After finding the line with "Apartamento &agrave; venda - Centro" in the entries below, copy that line and each one after it exactly, through the last line, and omit pictures.

──────── Data shown ────────

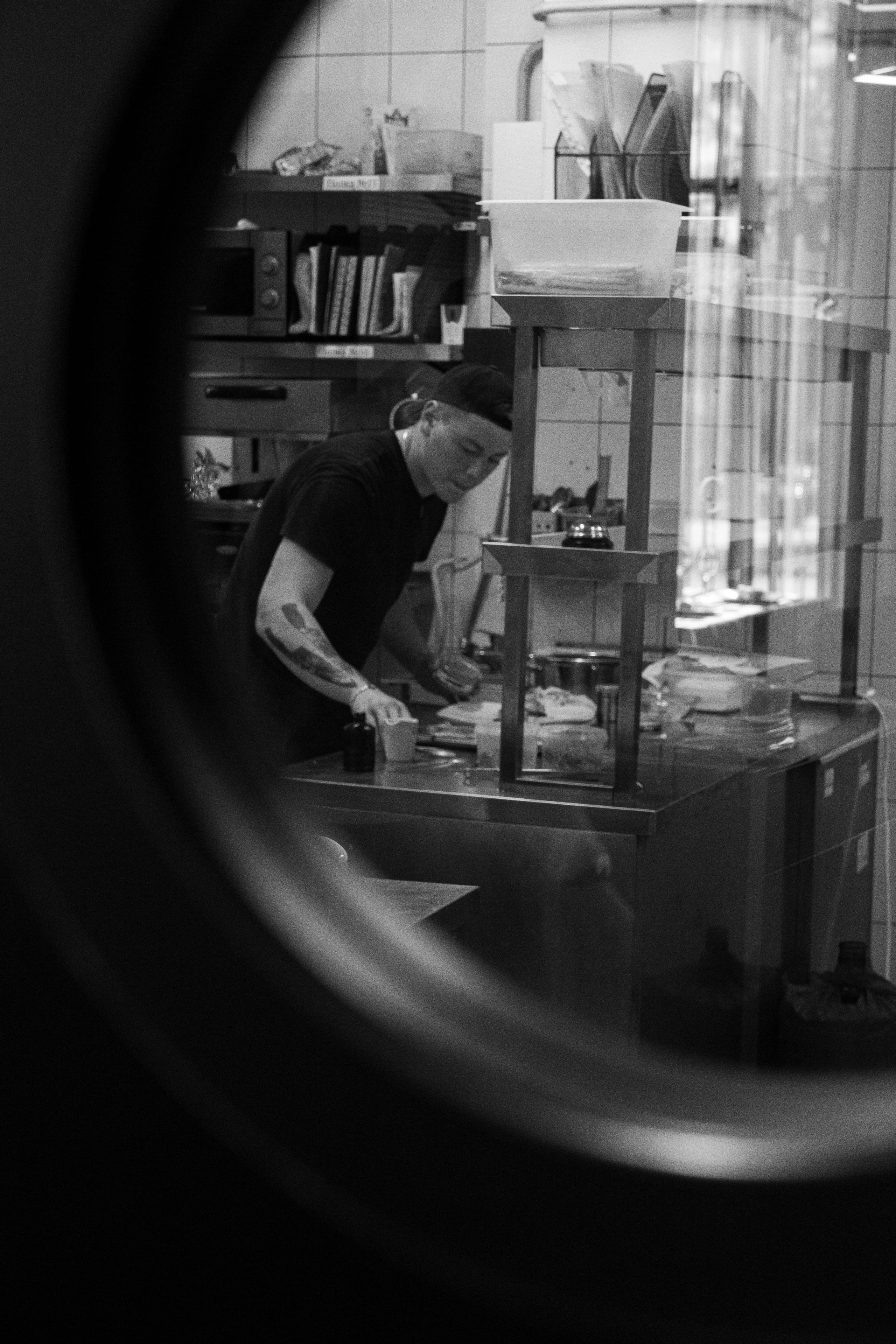 Фуд-фотограф Караганда Астана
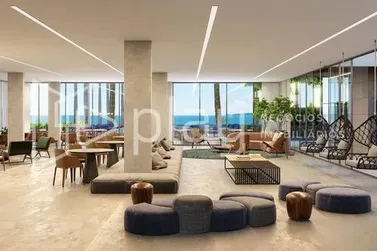 Apartamento &agrave; venda - Centro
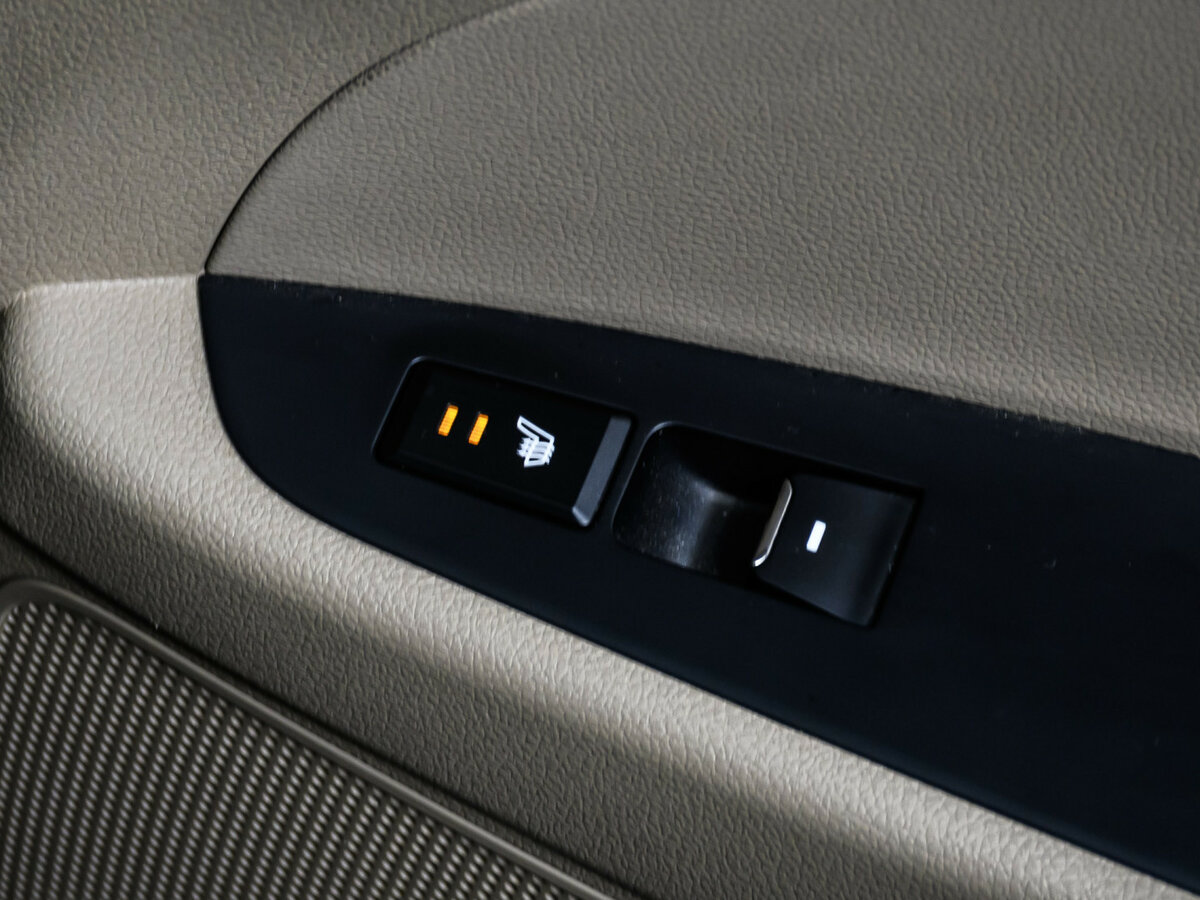 Хендай Туксон б/у, 2019, Автоматическая. Фото: #14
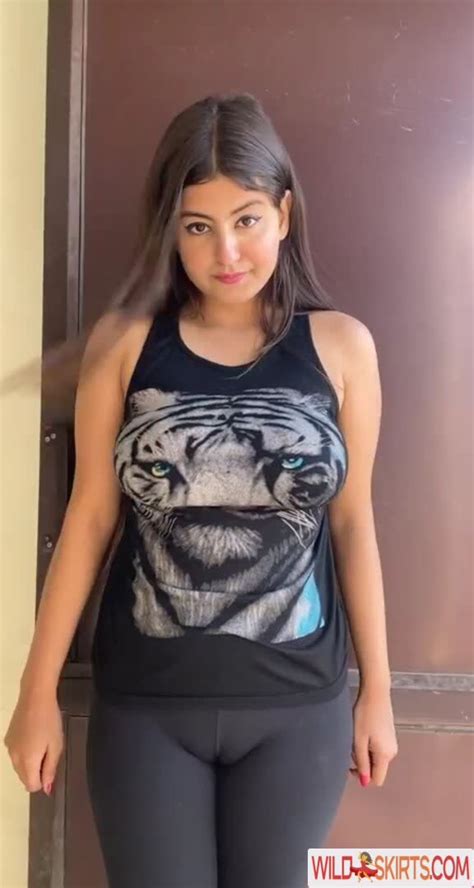 Priya Maggo Priya Maggo Dianawhales Nude OnlyFans Instagram Leaked Photo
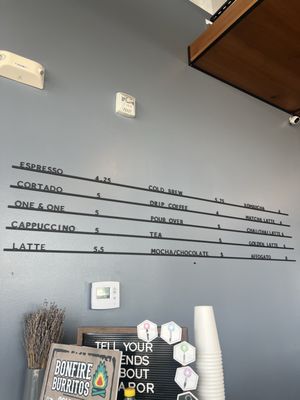 Sapor Coffee & Concepts by null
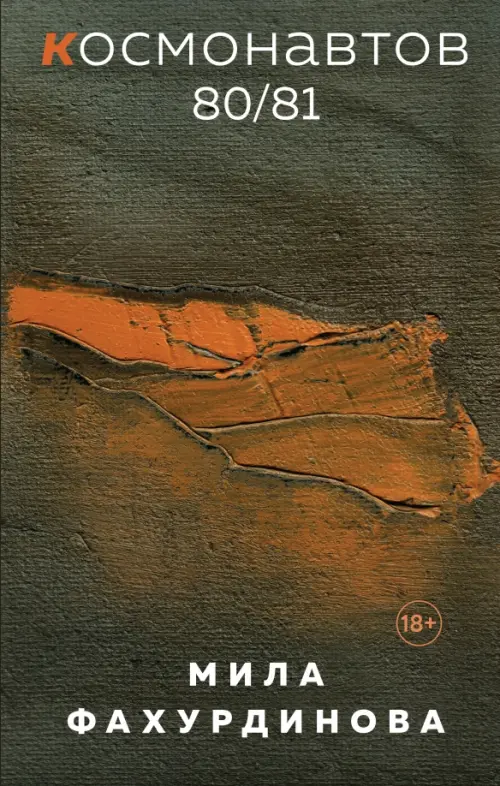 

Космонавтов 80/81, Серый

────────

# Task solution
 Apartamento &agrave; venda - Centro
 Хендай Туксон б/у, 2019, Автоматическая. Фото: #14
 Priya Maggo Priya Maggo Dianawhales Nude OnlyFans Instagram Leaked Photo
 Sapor Coffee & Concepts by null

Космонавтов 80/81, Серый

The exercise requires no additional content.